Okapi BM25: TF-IDF를 개선한 Ranking Function

NLP

Okapi BM25

참고: https://opensourceconnections.com/blog/2015/10/16/bm25-the-next-generation-of-lucene-relevation/
BM25는 ranking function으로서, query가 주어졌을 때, query와 document 간 연관의 정도를 추정함.
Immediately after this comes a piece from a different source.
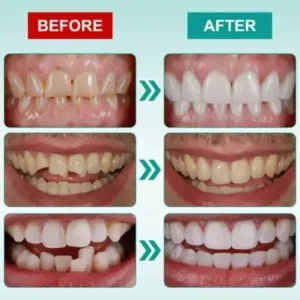 𝗜𝗻𝘀𝘁𝗮𝗻𝘁 𝗦𝘁𝗶𝗰𝗸-𝗼𝗻 𝗗𝗲𝗻𝘁𝗮𝗹 𝗩𝗲𝗻𝗲𝗲𝗿𝘀 - Image 8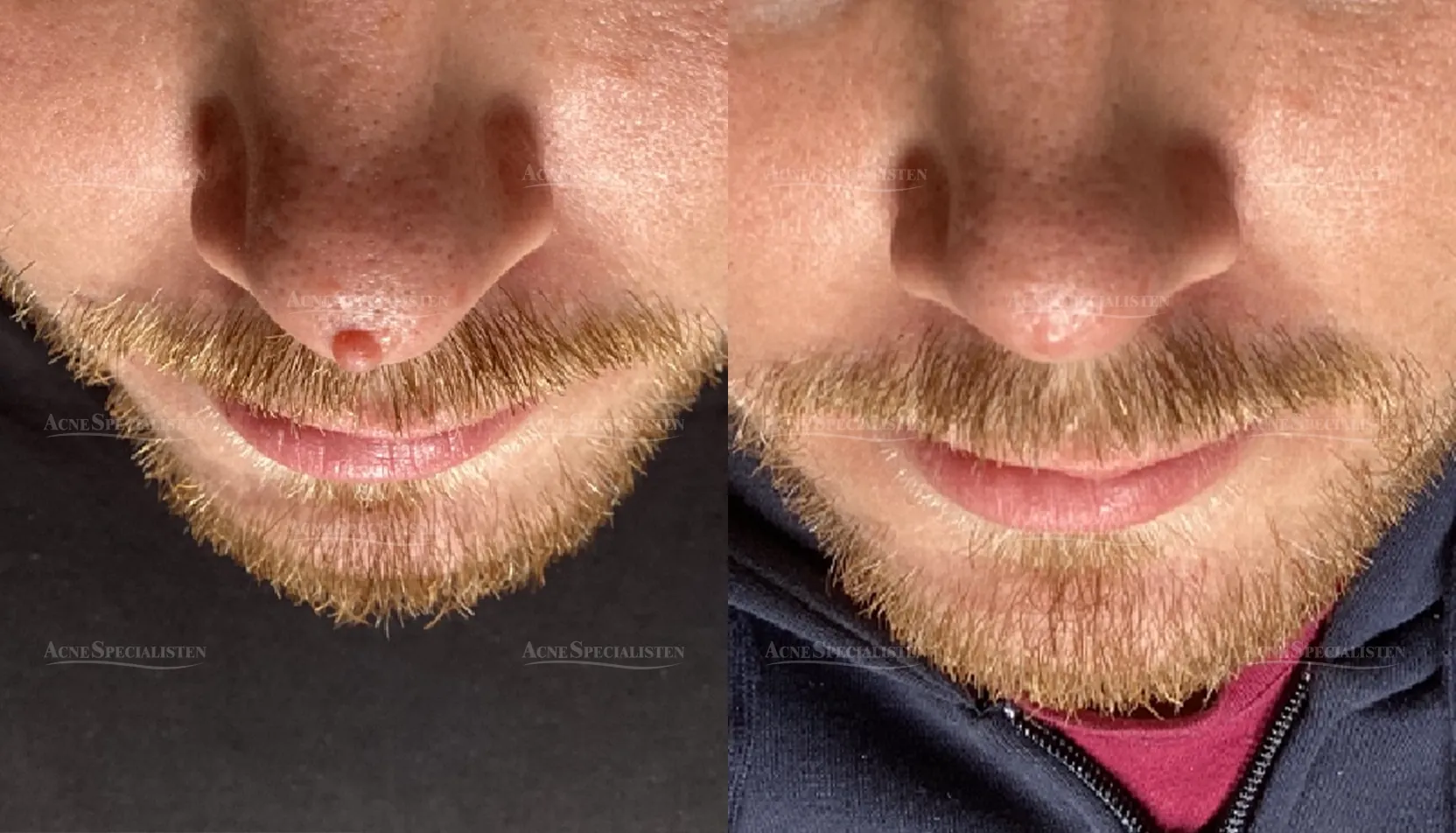 Hudförändring på näsan före och efter behandling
$W_{i, d} = tf_{i, d} \times \log{\dfrac{N}{df_i}}$

$W_{i, d}$은 doc_d의 word_i
$tf_{i, d}$는 doc_d에서 word_i의 frequency 값
$df_i$는 word_i의 df, document frequency 값
TF-IDF로 doc를 벡터화하면, row는 doc1, doc2, …, col은 term1, term2, … value는 TF-IDF score
기존 TF-IDF의 문제점
- 1) TF의 경우 freq에 따라 지속 증가 -> square root(tf) 사용하기도 함 -> BM25는 이를 더 개선
- 2) 해당 doc의 길이가 길수록 Term freq가 높을 가능성이 있음(해당 문제는 doc_len으로 Term frequency를 나눠줌으로써 normalize하여 어느정도 해결가능)
BM25는 특히 TF score를 개선

$score(query, doc_d) = \Sigma_{i=1}^n (IDF_i \dfrac{n_i(k_1 + 1)}{n_i+k_i(1-b+b \dfrac{\text{len of doc_d}}{\text{total doc avg len}})})$

상수 k 추가: 일정 frequency 이상은 saturate
- ((k + 1) * sqrt(tf_score)) / (k + sqrt(tf_score))
sqrt(tf): red line vs BM25_tf: blue line
- BM25_tf은 일정 tf_score이상은 빠르게 saturate

변수 L추가: 해당 텍스트 길이로만 tf를 normalize하는 것이 아니라, 전체 텍스트들의 길이를 반영. L은 전체 텍스트들의 평균 길이의 배수
- L = doc_d / avg(total len of target docs)
L과 k를 모두 반영한 tf_score
- ((k + 1) * sqrt(tf_score)) / (k * (1.0 - b + b * L) + sqrt(tf_score))
hyper param은 k1, b는 각각 2.0, 0.75가 자주 사용됨
k1=2, b=0.75 일 때, L=0.5, 2, 5(각각 전체 텍스트 길이의 n배)에 대한 비교
- L이 커질수록(평균 대비 text길이가 길수록) tf_score 천천히 saturate

IDF part는 log시 smoothing 1
- log ( num of texts / term_i freq through texts + 1)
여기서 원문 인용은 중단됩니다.